» Dataset excerpt

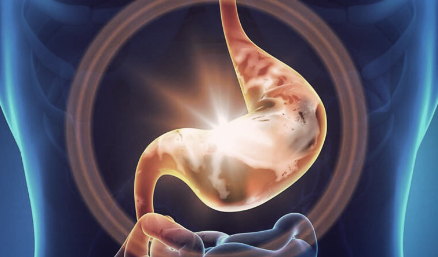 십이지장 궤양의 원인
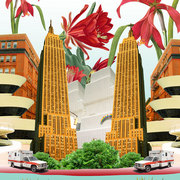 Free-world_card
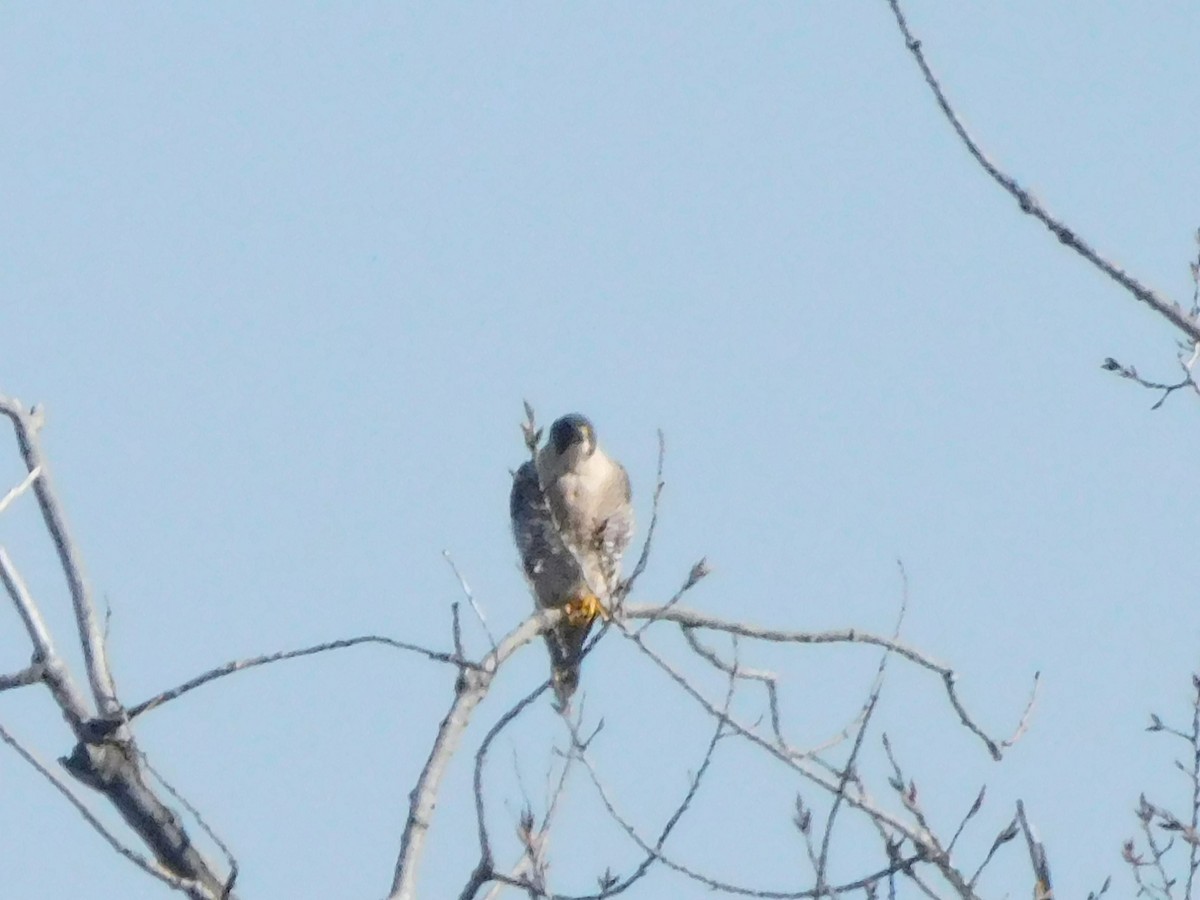 Peregrine Falcon - ML614393681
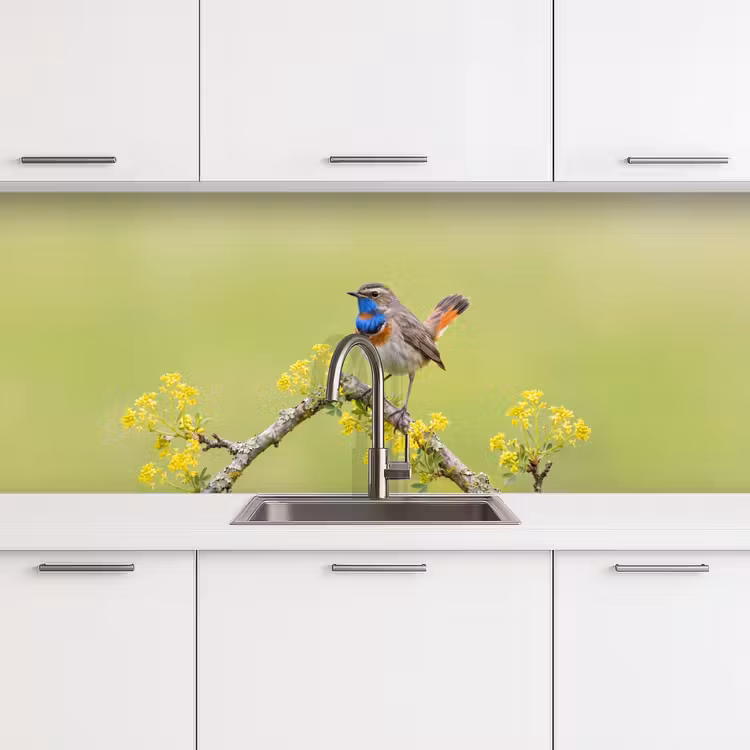 Keuken achterwand - Vogel - Tak - Natuur - Kleurrijk — 4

» Work request
Restate the whole listing above exactly, except for its images.

» Solution
 십이지장 궤양의 원인
 Free-world_card
 Peregrine Falcon - ML614393681
 Keuken achterwand - Vogel - Tak - Natuur - Kleurrijk — 4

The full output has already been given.